A third important ability for successful joint action that was identified by [28] is the ability to integrate predicted effects of own and others’ actions. Within the context of human and machine cooperation the requirements of successful joint action are strongly related to the requirements that are distinguished by research that aims to make automation and their end users team players. Pioneers in the field stressed that in order for automated agents to become team players, observability and directability [21] together with common ground [22] are fundamental design requirements, which are illustrated by “ten challenges for making automation a team player”[22]. Subsequently, [24] applied the team player approach on car design and concluded that the process of teambuilding might be an important prerequisite or even an alternative view of team play. Recently, [32] proposed four basic requirements for humans and automation to be effective team players: mutual predictability, directability, shared situation representation and calibrated trust in automation.


This study consisted of two parts, namely a literature survey which identified candidate dimensions which characterize the cooperation between driver and automation; and three focus groups in which the identified dimensions were discussed among experts within the automotive domain.

3.1 Literature survey

Between October and December 2020, relevant literature was searched in the databases of Google Scholar, Web of Science, and Science Direct, by using (a combination of) the following key words:

  • Shared driving / shared control / cooperative driving / human-machine teaming / driver automation teaming
  • Driving assistance system / driving automation / advanced driver assistance system / automated driving system / driver support / adaptive automation
  • Human-machine interaction / human machine cooperation / task sharing / joint action

The results of the literature search were first evaluated based on the manuscript's title, to determine whether it was potentially relevant to include in the literature survey. Next, the abstract was read to determine if the manuscript met any of the inclusion criteria, or should be discarded based on the exclusion criteria. If needed, the complete manuscript was read to decide on the in- or exclusion. The entire process of searching and selecting literature was performed by three of the current study's authors.

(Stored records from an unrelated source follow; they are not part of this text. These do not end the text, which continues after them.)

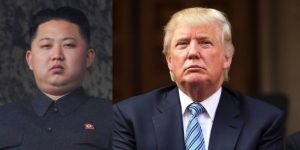 Primer intento frustrado: Trump suspende histórica reunión con Kim Jong-un prevista para junio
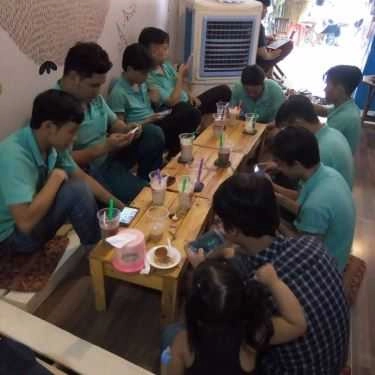 Tổng hợp- Cafe Trà Sữa Cú Mèo - Cây Trâm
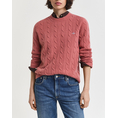 Product GANT LS LAMBSWOOL CABLE C-NECK SWEATER thumbnail image
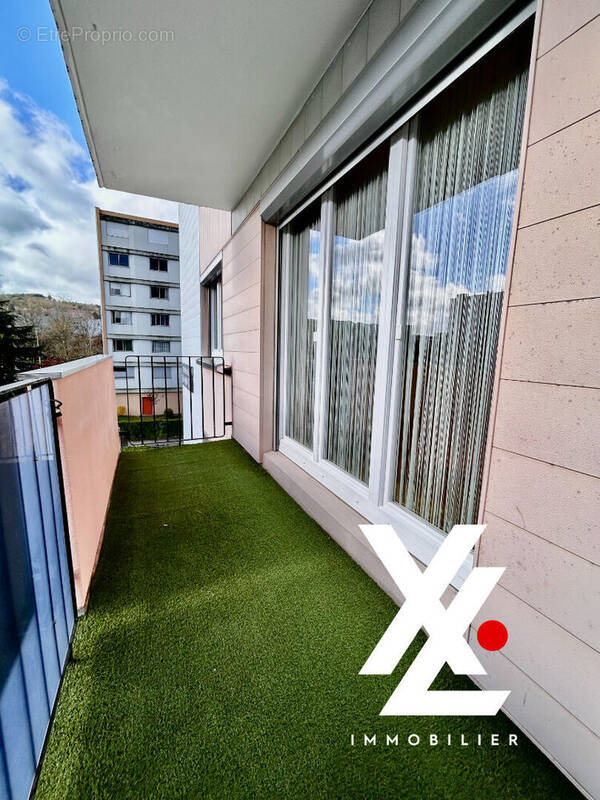 Appartement à VANDOEUVRE-LES-NANCY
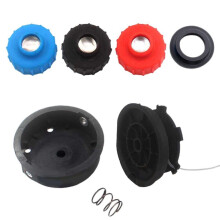 Replacement Spool for Stihl Trimmer, Pre-Wound String Trimmer Line Spool Compatible with AutoCut C3-2 FSA 57 FSE 52 Models, Precision Fit Durable ABS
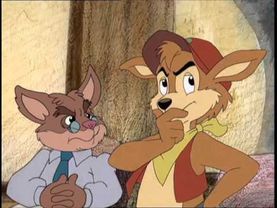 Skippy: Adventures In Bushtown - S01E12 - Calling Doctor Skippy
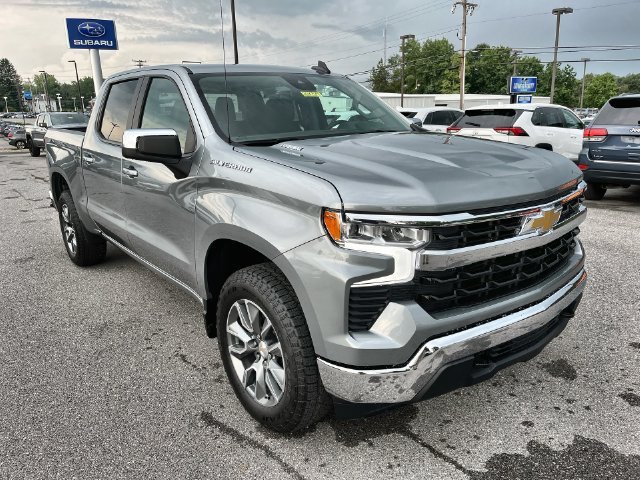 2026 Chevrolet Silverado 1500 photo 11 of 35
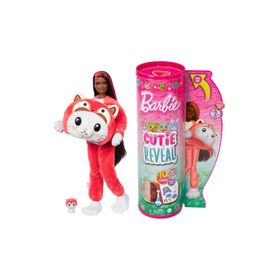 Barbie HRK23 Cutie Reveal Şirin Kostümler Serisi Kedicik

The inclusion criteria were as follows:

  • The manuscript is published scientific literature, such as a conference paper, journal article, or book.
  • The cooperation between driver and automation fits the definition of the shared driving task as given in the introduction,
  • The research goal is to improve traffic safety,
  • The research goal is primarily focused on the cooperation between driver and automation,
  • An aspect of the cooperation between driver and automation is quantifiably measured and/or theoretically discussed, and
  • The manuscript is written in English or Dutch.

The exclusion criteria were as follows:

  • The study focuses exclusively on a strategic subtask of the driving task,
  • The automation system studied is an active safety system, like active emergency braking,
  • The cooperation between driver and automation is not the primary focus of the study (e.g., the article describes a system design and performs a relatively small validation study), or
  • The research goal and results match other studies found earlier, and therefore provide no novel insights for the framework.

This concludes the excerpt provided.